The WSJ's Holman Jenkins continues to be a clear voice in the wilderness of reporting on backdating.
* * * the logic of the witch hunt will stop the media from asking the obvious questions, not least because CEO Steve Jobs is a hero to much of the press and there's little appetite for bringing him down.* * *
Jenkins points out that Jobs and Apple were just doing what other firms, including Brocade and Comverse, whose executives have been criminally indicted, were doing at the time – trying to retain their best people rather than stuff their own pockets. Jenkins concludes:
it makes the narrative more crunchy and interesting than the unperceptive journalistic positioning of backdating as a story of executives being allowed to "bet on a horse race after it was run," blah, blah, fulfilling an off-the-shelf morality tale of "executive greed."
Yes this is about journalists. But there's also a lesson about criminalizing business conduct, a favorite theme of mine. As I said last August.
Should we say that it’s ok to jail the heretofore little known Kobi Alexander, but draw the line at the famous John Lasseter, or Steve Jobs, Pixar’s co-founder and board chair?
If we're reduced to ex post, ad hoc condemnation of business practices, and forced into hazy and indefensible distinctions, as I've said many times, including here, we risk diluting and perverting the normative force of the criminal law.
As one who used the term "bet on a horse race after the race has been run", I don't find Jenkins compelling.
The motive for backdating option is not relevant for a criminal prosecution. If I steal to feed my family or simply just for the thrill of it, I am stealing. Motivation may be a factor in sentencing.
But if Steve Jobs was stealing money from the shareholders to hire talent, then he is still stealing.
Posted by: michael webster | October 11, 2006 at 08:45 AM
"Should we say that it’s ok to jail the heretofore little known Kobi Alexander, but draw the line at the famous John Lasseter, or Steve Jobs, Pixar’s co-founder and board chair?"
In a word, yes. Jobs is more important than any 20 other Tech CEO's put together. I say that as a stockholder and a customer.
Posted by: TomB | October 11, 2006 at 09:24 AM
Backdating isn't against any criminal law, and Apple shareholders have benefited enormously from both the employees hired and Steve's presence. Any talk that something was "taken away" from shareholders is ludicrous and just a cover for people who want to extract money through use of lawyers. Those employees have to be paid, else they work somewhere else.
Posted by: Jim Stead | October 11, 2006 at 11:01 AM
I agree with this and similar comments. My only point, and Jenkins' too, is that there's no justification for distinguishing Jobs and the indicted execs.
Posted by: Larry E. Ribstein | October 11, 2006 at 11:24 AM
Send them all to jail.
A 19 year-old with a can of beer is more likely to be punished that a C-level officer cheating shareholders.
Send them to jail and maybe business ethics will see a resurgence.

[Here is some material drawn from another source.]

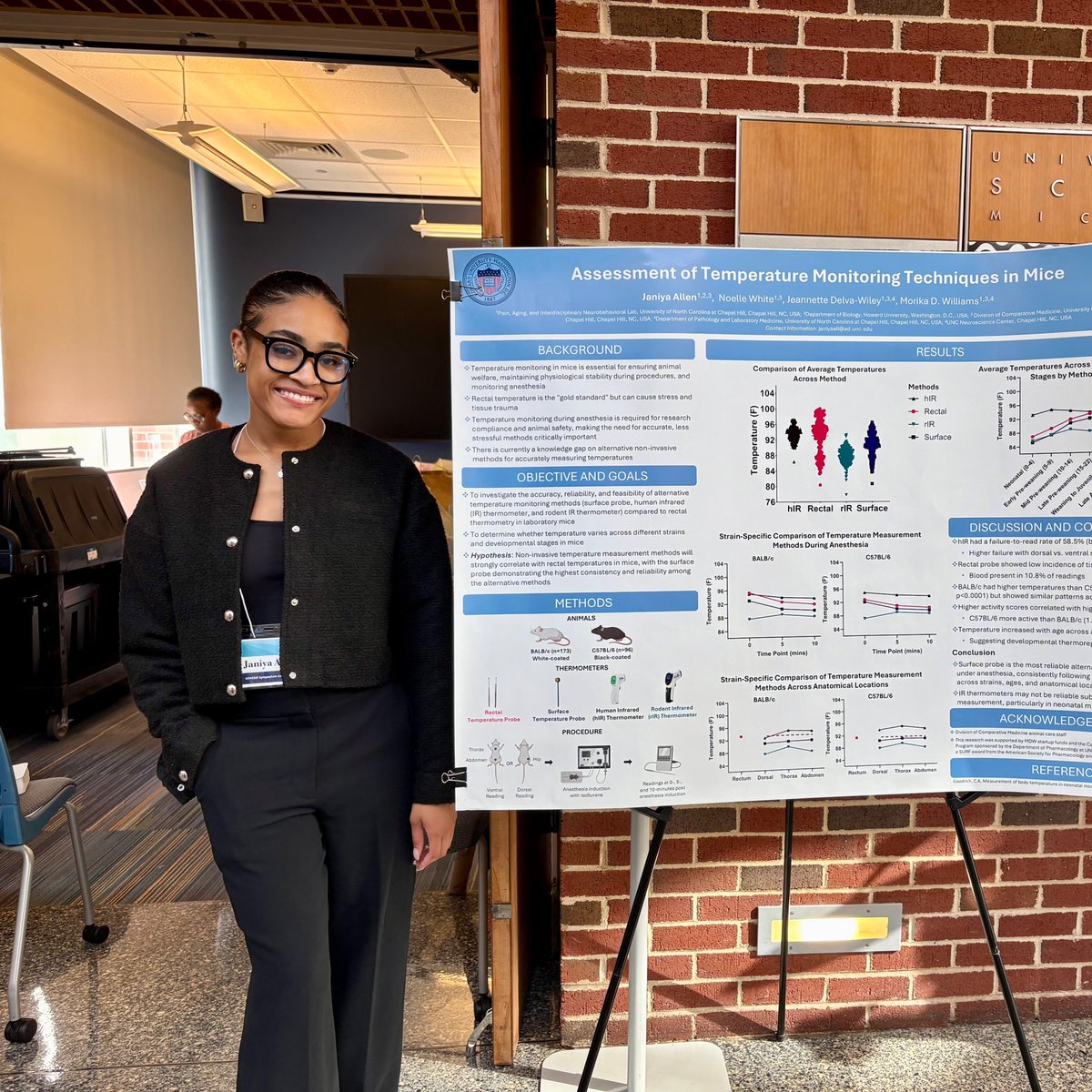 UNC_PHCO's tweet image. 🌡️ Impressive research poster! This summer, Carolina Summer Fellow Janiya Allen presented her work in Dr. Morika Williams’ lab @MorikaWilliams aiming to improve how mouse body temperature is measured to help make research more accurate! #CarolinaSummer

Posted by: save_the_rustbelt | October 13, 2006 at 10:57 AM
Jobs recent subpoena is worrisome. I will remind readers that the initial backdating trial produced 10 convictions for a CEO who did not materially benefit and there was no evidence he or anyone in his finance dept knew that in the money employee options needed to be expensed. Since no company has ever expensed these, in real terms this is a reasonable point of view. The prosecutors in the Reyes case engaged in a whole series of seedy shenanigans such as prosecution lying to the jury regarding finance staff at Brocade being "in the dark"- they weren't- interviews with the SEC/USAO includes transcripts that the controller thought there was no need to expense- and playing the wealth card with some of the defense witnesses. When the defense called out the prosecutorial misconduct of misrepresenting brocade's finance involvement the government claimed it was a separate entity that interviewed Brocade finance (USAO vs SEC) and therefore the prosecution was not lying in its closing arguments (the technicality excuse). Basically a campaign of trickstery and deception to "get their man". Sad and inappropriate. The same sad approach will be applied to Jobs. BEWARE.
Posted by: Tes1 | September 22, 2007 at 11:29 AM
By the way for anyone concerned with the backdating prosecutorial approach I will point them to Roger Parloff's excellent blog on Fortune "Reyes jury out but overall message in" from july 31 2007. Links to the defense motion that contains the statements from Brocade finance who obviously knew of and participated in backdating at Brocade are there, with statements that expensing was viewed as not required (the overriding view then was that choosing a date within the quarter was not seen as backdating- it was seen as a corporate perogative to select any stock date within the quarter for employees)
http://legalpad.blogs.fortune.com/2007/07/31/reyes-jury-out-but-overall-message-in/
This seems to have become campaign of dirty tricks and highly unbecoming. To all corporate officers currently involved in this sting- have caution.